Effectuant un retour si espéré, Marie Carmen a eu droit à des éloges remarquables et authentiques. La chanteuse les a rendus magnifiquement en étant tout en voix, sensuelle, entière et incandescente. Ces retrouvailles engageantes étaient spécialement foudroyantes sur J’ai l’blues de vous et L’Aigle noir, la première ovation de la soirée.

Le premier tour de chant solo à coup de trois ou quatre morceaux a été entrecoupé d’un séduisant instant de partage au cours duquel les trois artistes se permettaient échanges et fantasmes professionnels. Marie Carmen et Marie-Denise Pelletier, respectivement Marie-Jeanne et Stella Spotlight dans Starmania, ont offert en duo des trésors cachés de cette mythique oeuvre musicale, Le retour de Stella Spotlight et Petite musique terrienne. Un moment doux et percutant qui a atteint son paroxysme lorsque Joe Bocan, qui n’a jamais chanté du Plamondon, s’est attaqué à J’ai 12 ans, qui a eu comme résultat la deuxième ovation de la soirée. Je suis un homme de Zazie livrée en trio ne manquait pas non plus de férocité et de vérité.

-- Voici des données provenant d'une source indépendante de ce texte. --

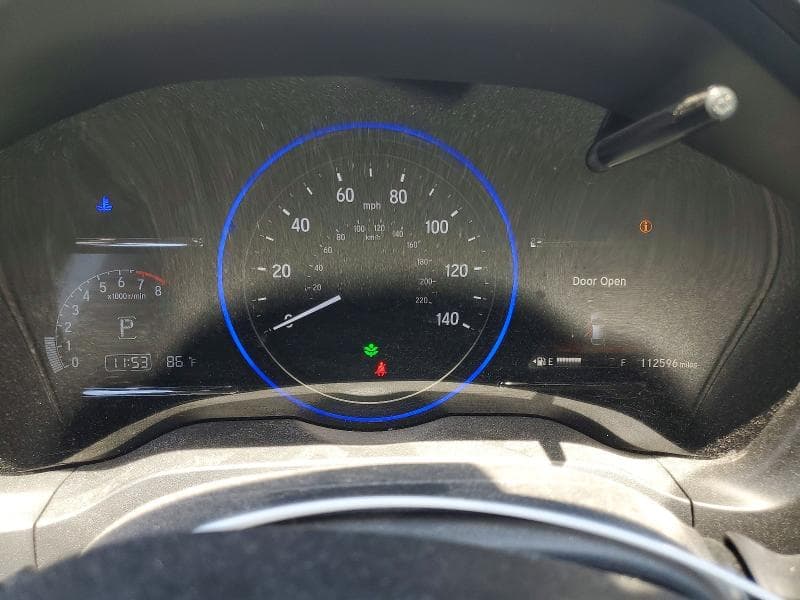 2019 HONDA HR-V EX 9
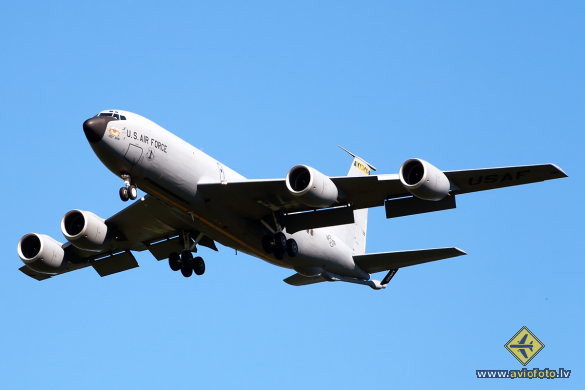 Boeing KC-135R Stratotanker (717-148)
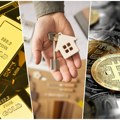 Neko kupi zlatnu polugu, neko stan, a neko kriptovalutu: Stručnjaci otkrivaju kako štedeti u kriznim vremenima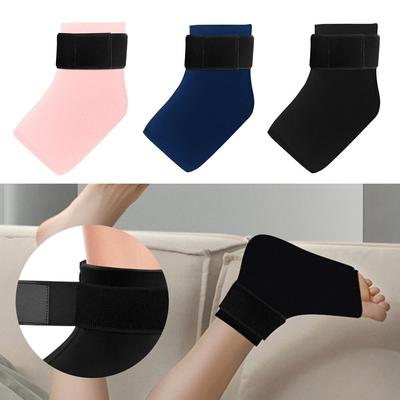 Knöchelschmerz Linderung Arthritis Fuß Eisbeutel Wickel Feste Gel Kühlende Socke Knöchelprotektor Fuß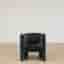 Fåtölj Loafer Lounge Chair SC23 - Blå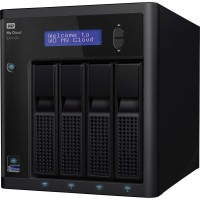 NAS-сервер WD My Cloud Expert PR4100 8 ТБ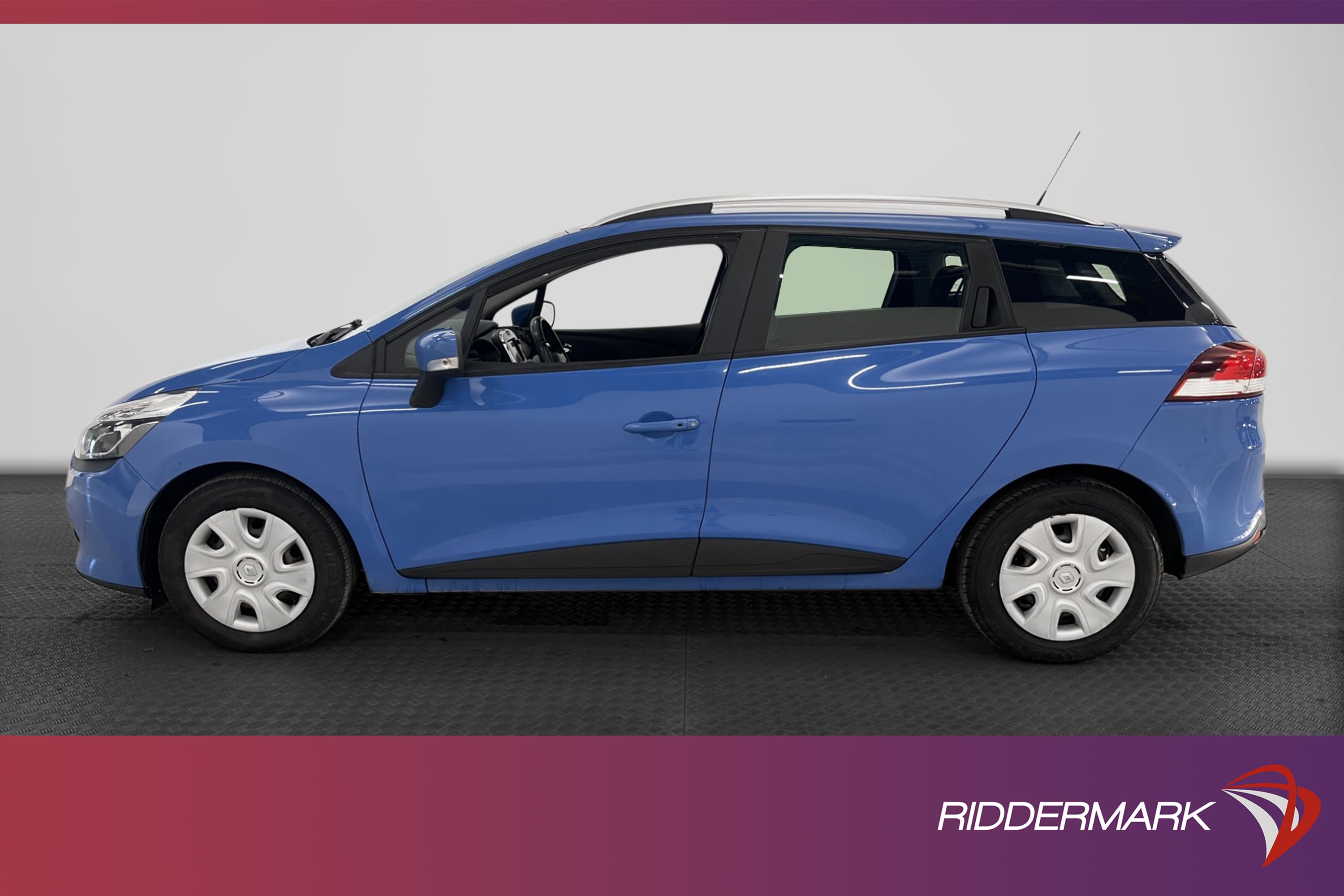 Renault Clio Sport Tourer 1.5 dCi 90hk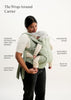 BabyBjorn Baby Carrier Hold - Mesh Dark Grey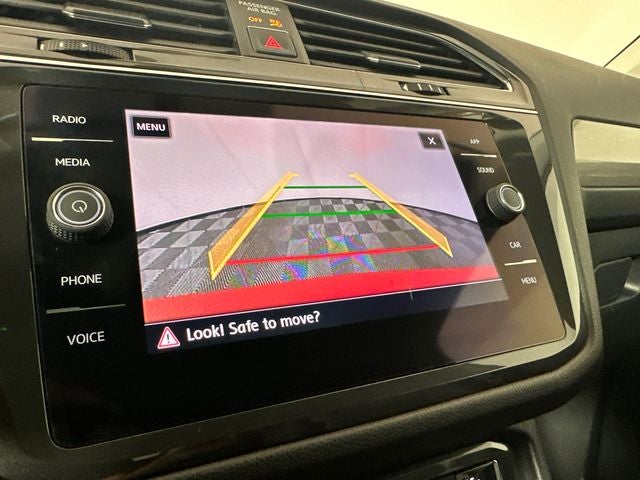 2018 Volkswagen Tiguan 2.0T SE 4Motion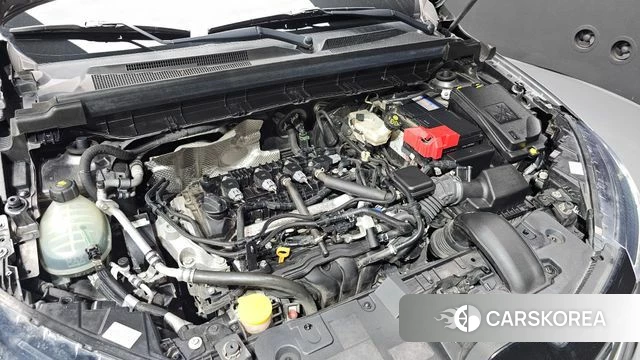 Renault Korea (Samsung) XM3 id 4556641 из Кореи 29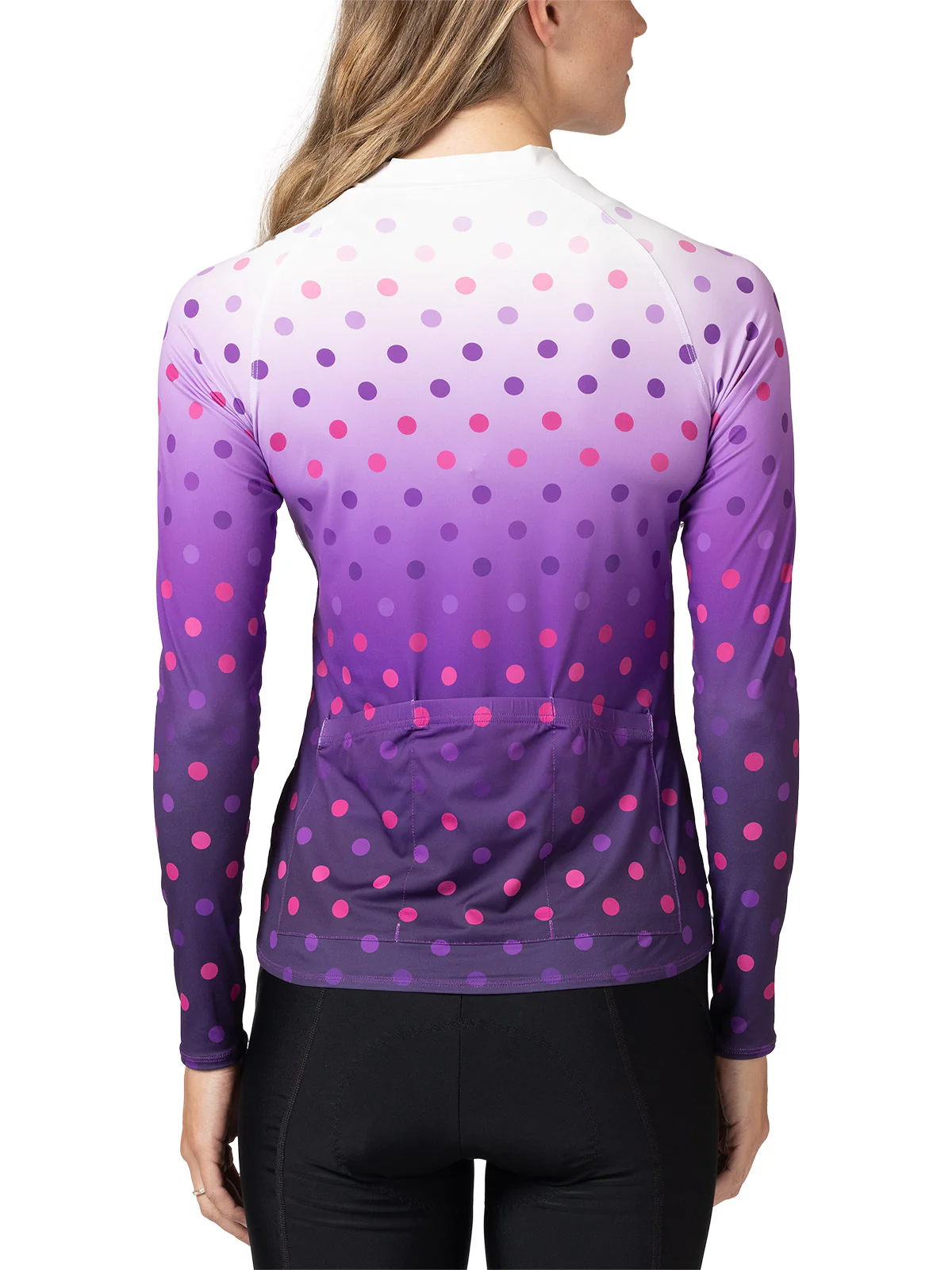 Soleil Long Sleeve Bike Jersey - Image 2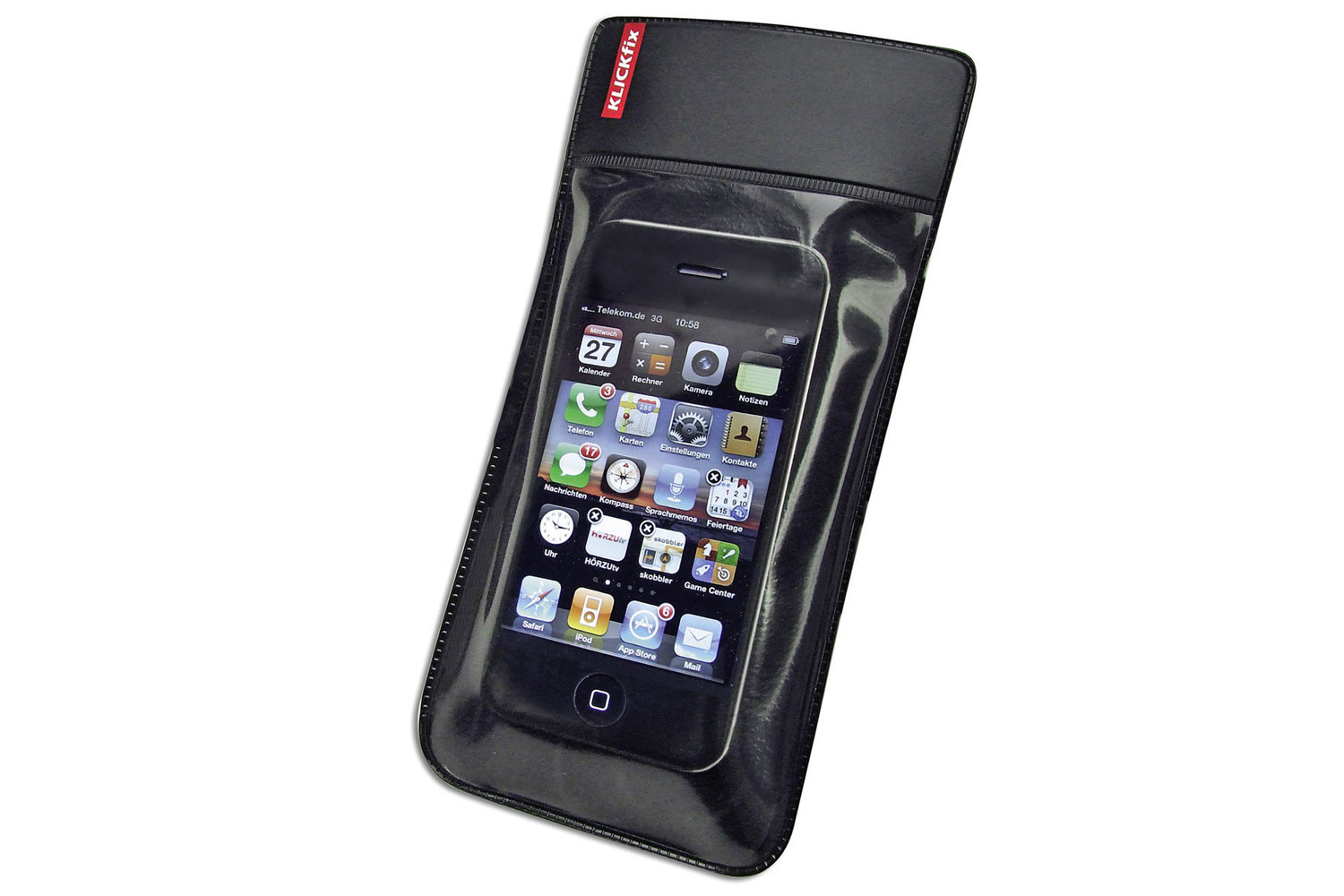 KLICKfix Phone Bag S Handytasche für Smartphones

Lors de son deuxième tour du chant individuel, Joe Bocan , après avoir fait quelque peu languir le public, a fait preuve d’un abandon hors du commun sur Repartir à zéro et Nous valserons sur lesquels, vêtue d’une robe de mariée déjantée, elle s’est adonnée à des chorégraphies libératrices. Munie de son micro de roses, Marie Carmen a livré avec sensibilité et fierté l’intemporelle Entre l’ombre et la lumière, une ode à la force de l’estime de soi encore nécessaire aujourd’hui. Question d’ébahir encore plus qu’elle ne le fait déjà avec cette reprise de Daniel Balavoine, Marie-Denise Pelletier a, quant à elle, chanté le premier refrain de Tous les cris les S.O.S a capella avec une puissance vocale saisissante qui a forcé l’admiration. Elle donnait tellement l’impression de chanter cette chanson culte pour la toute première fois que le public n’a pu résister à lui offrir une chaleureuse ovation pendant la chanson! Agréablement déstabilisée par cette marque d’amour indélébile, la chanteuse n’a pu retenir ses larmes et a laissé paraître une touchante vulnérabilité.

En conclusion, le titre du spectacle qui, comme plusieurs pièces présentées, revête maintenant un caractère plus rassembleur et mature. L’histoire coquine et mélancolique de Pour une histoire d’un soir ne se répète plus de soir en soir ; elle évolue, ne s’excuse plus de vivre, s’assume et crée du bonheur, à l’image de ces trois grandes femmes plus inspirantes que jamais.